Since the earliest days, humankind has pondered the end of the world. We’ve imagined messianic judgment days, cataclysmic comets, hyperspace bypasses, and Mega Maids. Here are a few apocalyptic scenarios from recent popular culture, how they might happen, and how likely they are to occur.
1. Subterranean Apocalypse
Some existential threats are waiting quietly beneath the surface of the planet, as we learned in Tremors, Gears of War, and the 2002 dragon apocalypse film, Reign of Fire. Is it possible that lurking horrors are underfoot, slumbering or tunneling, waiting for the right moment to strike?
Probably not. But there’s still a lot going on down there. For example, xenophyophores are extremophiles that live at the bottom of the ocean, to include the Mariana Trench, which is 6.6 miles below sea level. While it’s unlikely that these four-inch, single-celled organisms will rise up and enslave humanity, they do have a Wolverine-like resilience. The pressure in the Mariana Trench is eight tons per square inch.
The deepest land creature is 1.23 miles beneath the planet’s surface. Plutomurus ortobalaganensis was discovered eating decaying matter in the Krubera-Voronja cave in Abkhazia, according to Terrestrial Arthropod Reviews, which is an actual publication. But unlike its locust brethren in Gear of War, plutomurus ortobalaganensis is eyeless, giving humans an advantage in the inevitable conflict.
(Lest we become complacent, the Los Angeles Times reported on January 29, 1934, that Lizard People might once have lived in catacombs hundreds of feet beneath the city. It is unclear where they are today.)
2. Alien Apocalypse
If there’s one thing Independence Day taught us, it’s that Bill Pullman can give a pretty stirring speech.

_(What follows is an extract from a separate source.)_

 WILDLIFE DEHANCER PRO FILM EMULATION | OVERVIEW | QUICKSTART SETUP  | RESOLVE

If there’s a second thing the movie taught us, it’s that when extraterrestrials come, they won’t be looking for Reese’s Pieces. In 1960, astrophysicist Frank Drake estimated the requirements for detecting alien civilizations in the Milky Way. The Drake Equation examines such things as the rate of star formation, the number of planetary systems with life-sustaining worlds, and the number of those worlds that eventually produce life. Although the number is conjecture at best, Drake estimated that there are between 1,000 and 100,000,000 extraterrestrial civilizations in our galaxy.

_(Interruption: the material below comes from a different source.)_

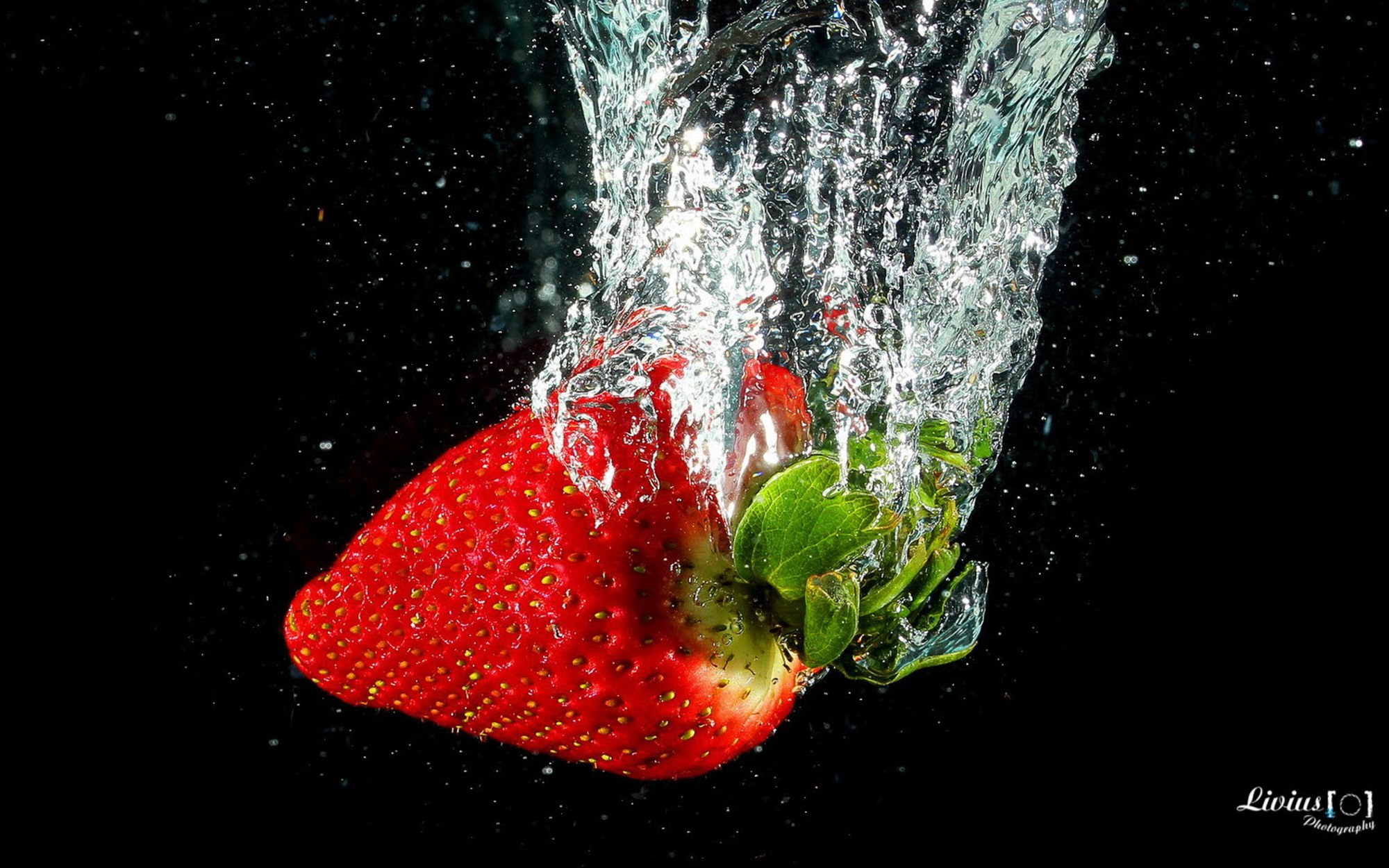 Hobby Bilder. FOTO KREATIV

They can’t all be Vulcans out there. What would happen if aliens found Earth? According to Stephen Hawking, the best model we have for the discovery of Earth is what happened when Europeans discovered the New World. “We only have to look at ourselves to see how intelligent life might develop into something we wouldn’t want to meet. I imagine they might exist in massive ships, having used up all the resources from their home planet. Such advanced aliens would perhaps become nomads, looking to conquer and colonize whatever planets they can reach.”

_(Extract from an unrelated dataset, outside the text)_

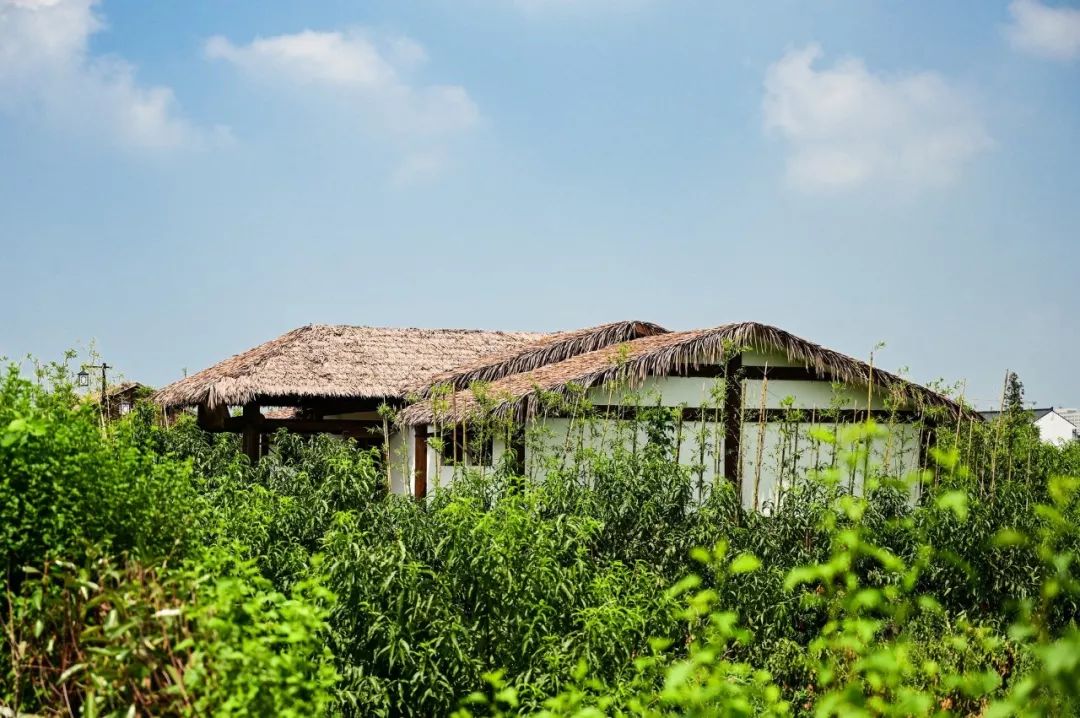 同是上海人，这16家却互相“看不起”，到底哪来的优越感？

Presently, the Voyager 1 space probe is approaching the heliopause, where solar winds give way to interstellar winds. It will be the first manmade object to leave the Solar System and enter interstellar space. (It’s traveled 11.1 billion miles so far; it moves at 38,000 miles per hour. Its battery will allow for data transmission back to Earth until around 2030, but inertia will keep it moving through space until the crack of doom.) The probe will be like a signal flare to the rest of the universe. And considering the mind-boggling technology required for galactic exploration, at best we’re insects to our alien overlords. (Hail Skroob.) At worst, we’re dinner.